On the surface, this verse is relatively bland and simply tells in a declarative manner what God did. Really though, this verse sets up the entire rest of the Bible. This verse establishes God’s aseity, or the attribute of God that speaks of His ability to exist entirely with what He can provide for Himself. This means that He doesn’t need ANYTHING from us or anything we could possibly offer. You might be thinking “uh.. duh. That’s what being ‘God' means…” However, without establishing His aseity, all of the 31,101 other verses that follow become meaningless, because if God lacked something that we possessed and He desired, both our relationship with God and His creation would be created purely out of obligation.

whatcha doin’ God?

So why did God create it all? After all, He didn’t need it. He didn’t create it out of a void of His own being. So why? God created the heavens, the earth, the sun, the moon, the stars, the sea, the land, the animals, the plants, the trees, ALL of it purely so that we might know Him and His Love.

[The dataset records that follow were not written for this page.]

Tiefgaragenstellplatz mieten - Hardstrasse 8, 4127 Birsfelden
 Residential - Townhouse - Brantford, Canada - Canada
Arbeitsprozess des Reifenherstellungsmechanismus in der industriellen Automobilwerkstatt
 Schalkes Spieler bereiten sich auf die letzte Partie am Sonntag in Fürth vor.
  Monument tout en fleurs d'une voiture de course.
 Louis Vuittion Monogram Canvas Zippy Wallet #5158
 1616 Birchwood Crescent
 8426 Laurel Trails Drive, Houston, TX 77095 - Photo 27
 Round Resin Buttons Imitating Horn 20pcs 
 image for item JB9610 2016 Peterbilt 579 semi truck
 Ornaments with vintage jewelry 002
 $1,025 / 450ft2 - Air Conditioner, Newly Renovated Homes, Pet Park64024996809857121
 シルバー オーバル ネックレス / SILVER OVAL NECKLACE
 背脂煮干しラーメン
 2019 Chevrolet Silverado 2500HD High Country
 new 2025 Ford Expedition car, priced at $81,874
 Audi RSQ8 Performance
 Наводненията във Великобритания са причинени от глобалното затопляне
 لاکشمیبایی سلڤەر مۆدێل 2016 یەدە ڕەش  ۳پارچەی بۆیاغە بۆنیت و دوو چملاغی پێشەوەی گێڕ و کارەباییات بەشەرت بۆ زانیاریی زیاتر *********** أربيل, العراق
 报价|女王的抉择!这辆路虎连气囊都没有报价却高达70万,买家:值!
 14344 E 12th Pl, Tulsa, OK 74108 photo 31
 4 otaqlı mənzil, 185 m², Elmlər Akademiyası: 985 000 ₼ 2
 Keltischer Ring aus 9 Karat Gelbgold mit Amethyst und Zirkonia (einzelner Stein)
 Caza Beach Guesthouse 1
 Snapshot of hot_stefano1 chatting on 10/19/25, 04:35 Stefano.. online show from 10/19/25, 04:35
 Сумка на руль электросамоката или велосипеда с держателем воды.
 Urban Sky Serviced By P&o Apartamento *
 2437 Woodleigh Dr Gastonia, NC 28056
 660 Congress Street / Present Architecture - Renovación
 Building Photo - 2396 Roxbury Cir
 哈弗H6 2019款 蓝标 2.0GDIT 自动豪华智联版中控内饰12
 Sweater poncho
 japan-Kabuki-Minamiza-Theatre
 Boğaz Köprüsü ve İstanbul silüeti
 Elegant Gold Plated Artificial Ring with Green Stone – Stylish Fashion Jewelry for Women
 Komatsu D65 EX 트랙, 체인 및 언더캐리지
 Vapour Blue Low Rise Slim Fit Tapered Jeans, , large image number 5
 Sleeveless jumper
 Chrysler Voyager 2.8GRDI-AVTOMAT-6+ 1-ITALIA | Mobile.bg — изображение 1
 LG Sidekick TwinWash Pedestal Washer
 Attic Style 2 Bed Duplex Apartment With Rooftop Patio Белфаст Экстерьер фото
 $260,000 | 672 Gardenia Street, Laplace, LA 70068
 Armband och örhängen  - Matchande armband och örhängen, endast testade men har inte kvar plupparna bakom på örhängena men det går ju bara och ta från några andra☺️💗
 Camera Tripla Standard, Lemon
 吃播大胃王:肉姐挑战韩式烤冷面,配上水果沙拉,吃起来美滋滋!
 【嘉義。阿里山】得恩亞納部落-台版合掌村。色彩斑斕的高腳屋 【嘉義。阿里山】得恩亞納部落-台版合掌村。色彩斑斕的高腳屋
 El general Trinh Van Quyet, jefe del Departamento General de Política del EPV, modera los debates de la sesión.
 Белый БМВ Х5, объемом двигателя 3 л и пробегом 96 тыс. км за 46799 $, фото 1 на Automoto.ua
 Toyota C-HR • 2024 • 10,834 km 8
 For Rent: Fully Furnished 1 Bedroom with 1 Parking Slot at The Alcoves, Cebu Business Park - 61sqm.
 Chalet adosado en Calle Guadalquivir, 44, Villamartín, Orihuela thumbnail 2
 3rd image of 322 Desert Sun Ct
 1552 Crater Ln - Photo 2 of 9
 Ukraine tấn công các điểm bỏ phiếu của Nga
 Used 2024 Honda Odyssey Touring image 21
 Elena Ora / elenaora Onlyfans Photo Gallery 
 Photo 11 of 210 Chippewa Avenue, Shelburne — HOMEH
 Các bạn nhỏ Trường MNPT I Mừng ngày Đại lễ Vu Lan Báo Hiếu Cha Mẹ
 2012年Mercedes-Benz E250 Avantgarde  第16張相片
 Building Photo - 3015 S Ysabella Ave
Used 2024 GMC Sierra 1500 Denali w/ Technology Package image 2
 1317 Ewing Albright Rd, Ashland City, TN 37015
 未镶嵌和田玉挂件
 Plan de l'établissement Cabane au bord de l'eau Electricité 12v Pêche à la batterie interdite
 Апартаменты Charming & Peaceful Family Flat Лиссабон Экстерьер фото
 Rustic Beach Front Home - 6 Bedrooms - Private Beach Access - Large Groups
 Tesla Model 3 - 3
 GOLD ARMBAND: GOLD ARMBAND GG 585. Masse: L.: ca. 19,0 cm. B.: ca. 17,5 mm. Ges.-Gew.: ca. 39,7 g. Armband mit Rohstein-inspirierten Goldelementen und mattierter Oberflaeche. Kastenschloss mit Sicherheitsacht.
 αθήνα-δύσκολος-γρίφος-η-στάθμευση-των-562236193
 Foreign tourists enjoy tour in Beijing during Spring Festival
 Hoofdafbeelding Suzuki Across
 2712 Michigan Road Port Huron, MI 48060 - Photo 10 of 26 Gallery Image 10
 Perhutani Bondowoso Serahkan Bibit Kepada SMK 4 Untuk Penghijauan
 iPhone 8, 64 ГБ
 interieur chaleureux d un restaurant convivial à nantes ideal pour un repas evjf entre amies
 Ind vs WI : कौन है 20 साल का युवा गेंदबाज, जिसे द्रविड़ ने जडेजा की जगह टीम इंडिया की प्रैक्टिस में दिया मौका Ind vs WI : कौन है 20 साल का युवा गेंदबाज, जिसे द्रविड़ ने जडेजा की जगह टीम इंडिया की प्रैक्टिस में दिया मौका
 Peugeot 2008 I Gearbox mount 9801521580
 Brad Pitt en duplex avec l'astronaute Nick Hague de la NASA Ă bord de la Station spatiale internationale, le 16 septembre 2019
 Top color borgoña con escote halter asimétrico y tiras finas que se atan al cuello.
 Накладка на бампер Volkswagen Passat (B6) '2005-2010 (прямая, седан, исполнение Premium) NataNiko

If you don’t know Jesus, or maybe you’re just going through a rut and are resonating with the doubt, you might be thinking, “God seems kinda vain…? Why serve God if He demands we praise Him, honor Him, and give Him what we have (supposedly) earned?” And that’s a valid reason; I’ve been there. What you’re missing, though, is that the bottom line of life is that we were created by God to dwell in the midst of God. So God calling us to know Him is the most sacred act of Love, because He knows that’s how we become whole.

Once, we were dwelling with God in person. This was at the very start of the world when God, out of response to His overflowing love, created Adam and Eve in His image. They were completely free, alive, and superfluously provided for by God in the garden of Eden, where He placed them. They were in perfect union with God - fully as they were created to be.

However, because we were given free will, sin entered the world through Adam and Eve acting on temptation from satan. Free will can be defined as possessing the freedom to choose a path. In that moment, Adam and Eve, having been deceived by satan, chose to disobey God. They lost sight of Who God was because satan made them question His love and abundant provision. The perfect union between God and man was severed, and man’s heart was no longer filled by the satisfying Love of God, but polluted by brokenness.

God gave Adam and Eve, and gives us today, space to not choose Him, but with not choosing Him comes dissatisfaction and fleeting comfort from the things this world tells us make us happy - like putting a band-aid on a bullet hole. This isn’t because God is punishing us for not choosing Him, but because we were designed to dwell with Him; He has all that we need. So when our actions fall outside of our purpose, we will not be content. You don’t ask a carrot to saw a wood plank in half. Why? Because a carrot’s purpose is to be eaten, not to cut wood. Likewise, it is our life’s purpose to be in communion with God, not to be all-powerful and all-knowing.

the foundations of Grace.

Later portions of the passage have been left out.